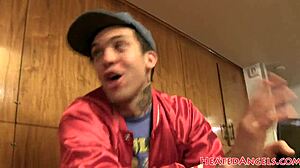 tattooed punk babes goof around backstage with piercings and ink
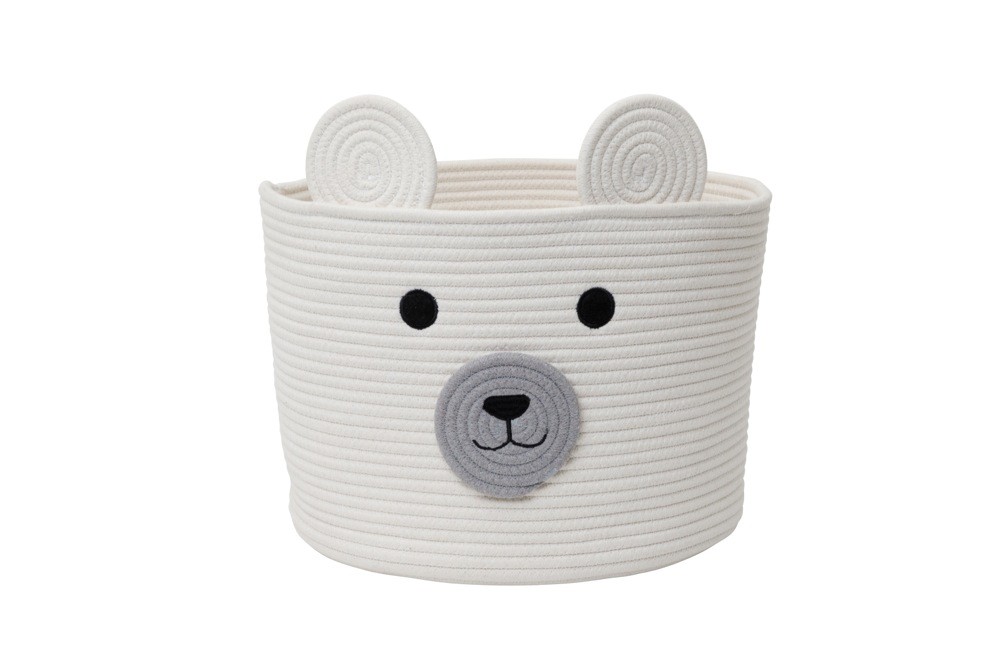 Bilbi Rope Basket Bear White Large Storage Baby Bunting AU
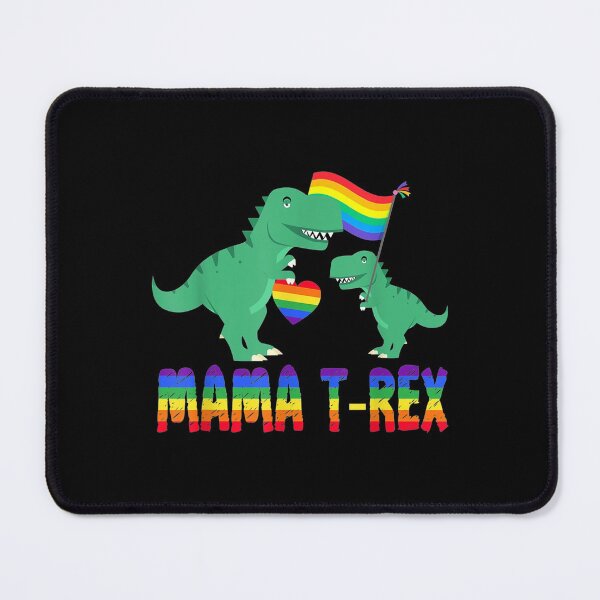 Item preview, Mama T Rex Dinosaur Lgbt Rainbow Pride Gay Lesbian designed and sold by maudean.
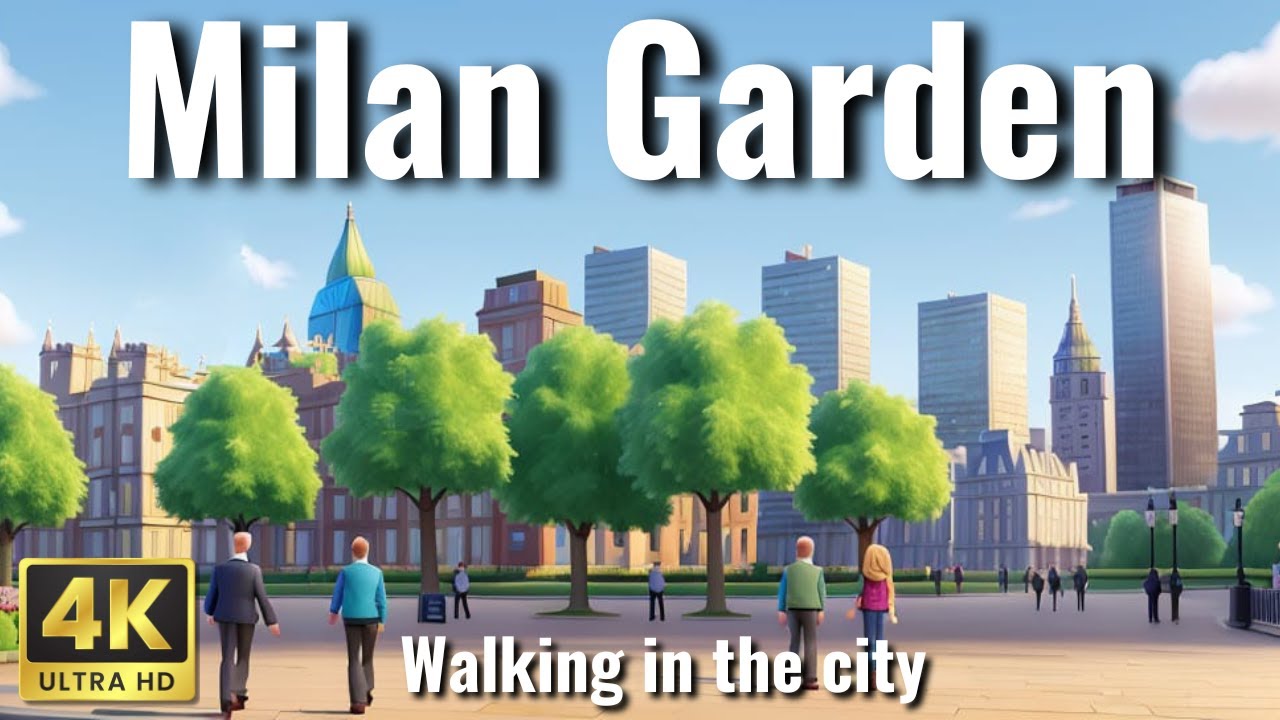 🇮🇹 Walking Through Milan's Modern Green Oasis | Biblioteca degli Alberi Park
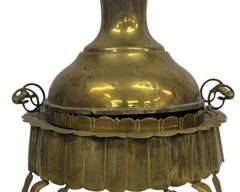 Antique Brass Brazier Set
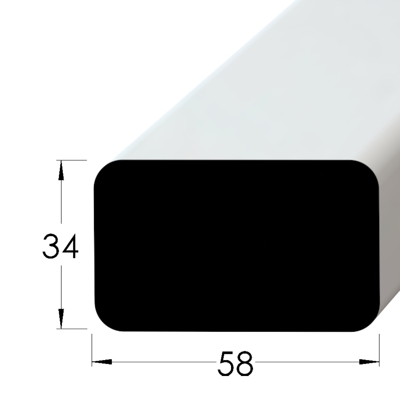 Dřevěný lavičkový profil - LA 5834 SM /160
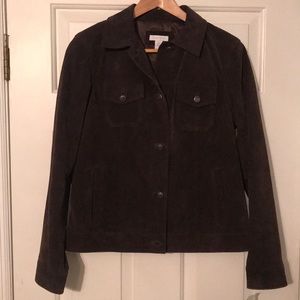 Charter Club suede leather jacket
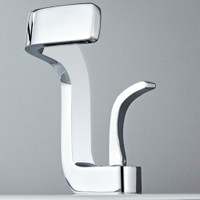 All Twisted Single Handle, Single Hole Bathroom Faucet ( 3 Finishes - Chrome, Brushed & Black )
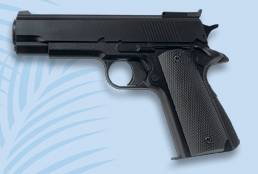 AIRSOFT LIGHTWEIGHT PISTOL. CAL 6 MM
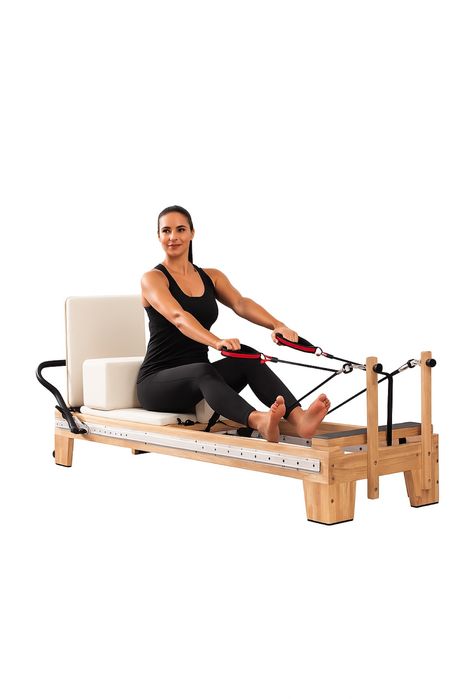 Reformer Pilates din Lemn, masa pentru tonifiere flexibilitate postura
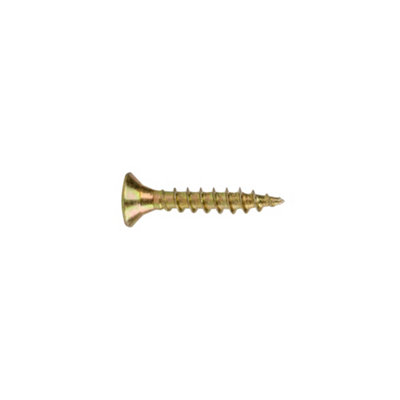 Diall Yellow-Passivated Carbon Steel Decking Screw (Dia)4Mm (L)25Mm, Pack Of 500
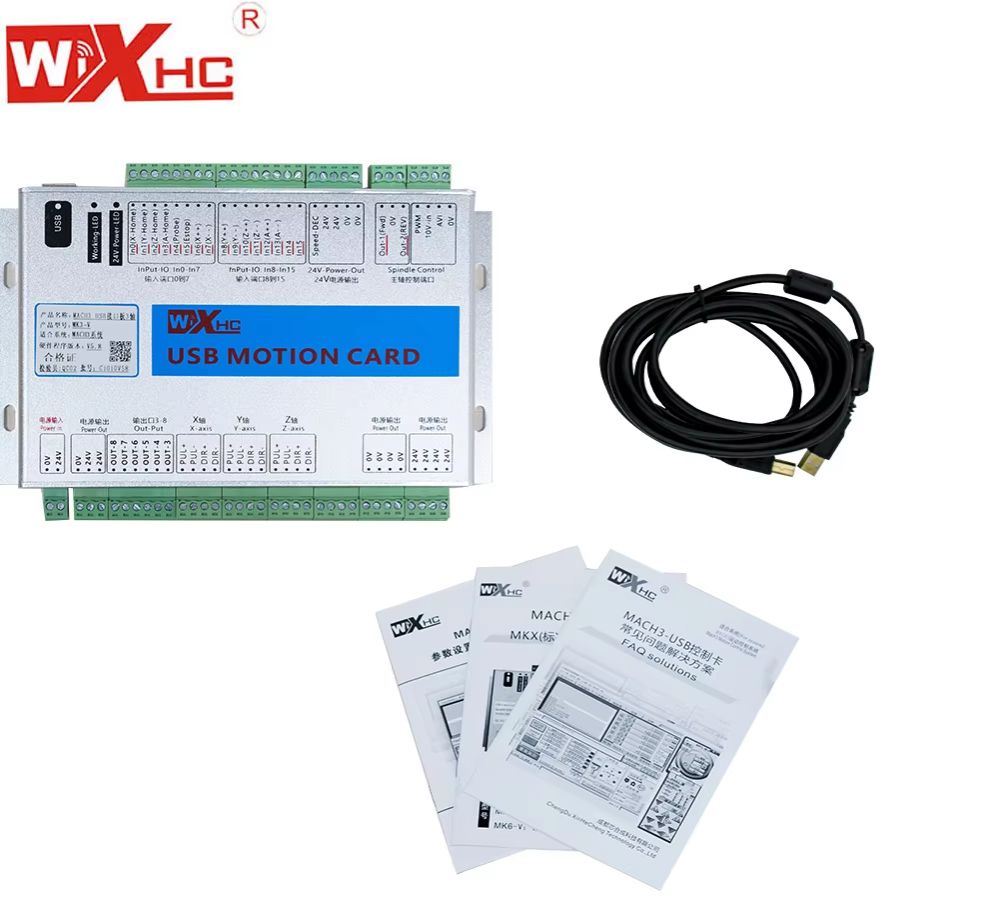 XHC 2000KHZ Mach3 3/4/6 axis U - Breakout Board Mach3 reseña y precio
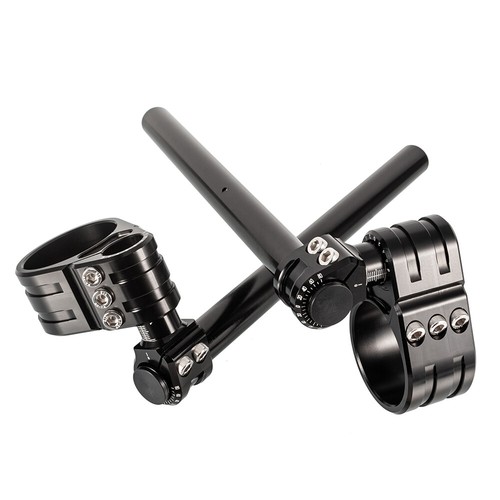 Kit conversione semimanubri per moto Alzate Regolabili Clip per BMW R Nine T R9T - Foto 8 di 9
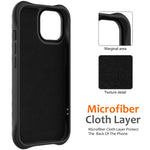 Skal för iPhone 13, kompatibelt med Magsafe Ripple Texture Liquid Silicone Soft Phone Cover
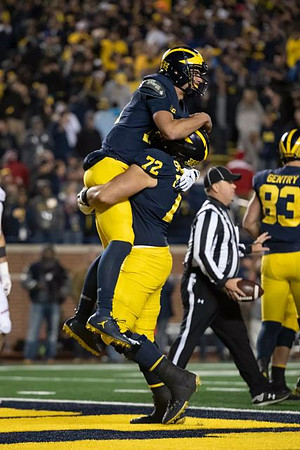 Dylan McCaffrey (10), Stephen Spanellis (72), and Zach Gentry (83)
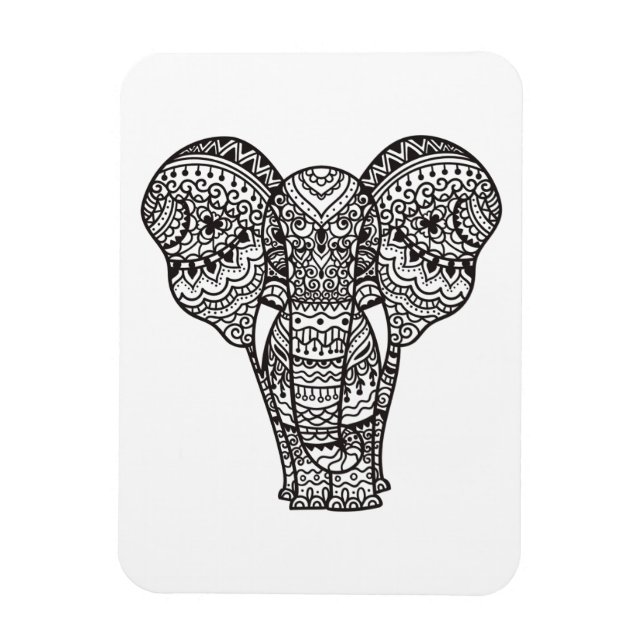 Ímã Estilo de Elefante Decorativo (Vertical)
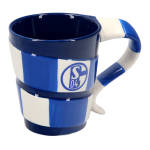 FC Schalke 04 Kaffeebecher Schal Blockstreifen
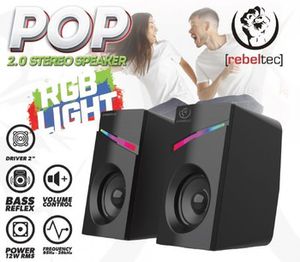 Rebeltec POP Stereo 2.0 speakers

┄┄┄┄┄┄┄┄┄┄┄┄┄┄┄┄┄┄┄┄

Exercise
Write out again exactly the lines above from the one with "All Twisted Single" through the one with "Skal för iPhone", adding no other lines and no pictures.

Result of this exercise
 All Twisted Single Handle, Single Hole Bathroom Faucet ( 3 Finishes - Chrome, Brushed & Black )
 AIRSOFT LIGHTWEIGHT PISTOL. CAL 6 MM
 Reformer Pilates din Lemn, masa pentru tonifiere flexibilitate postura
 Diall Yellow-Passivated Carbon Steel Decking Screw (Dia)4Mm (L)25Mm, Pack Of 500
 XHC 2000KHZ Mach3 3/4/6 axis U - Breakout Board Mach3 reseña y precio
 Kit conversione semimanubri per moto Alzate Regolabili Clip per BMW R Nine T R9T - Foto 8 di 9
 Skal för iPhone 13, kompatibelt med Magsafe Ripple Texture Liquid Silicone Soft Phone Cover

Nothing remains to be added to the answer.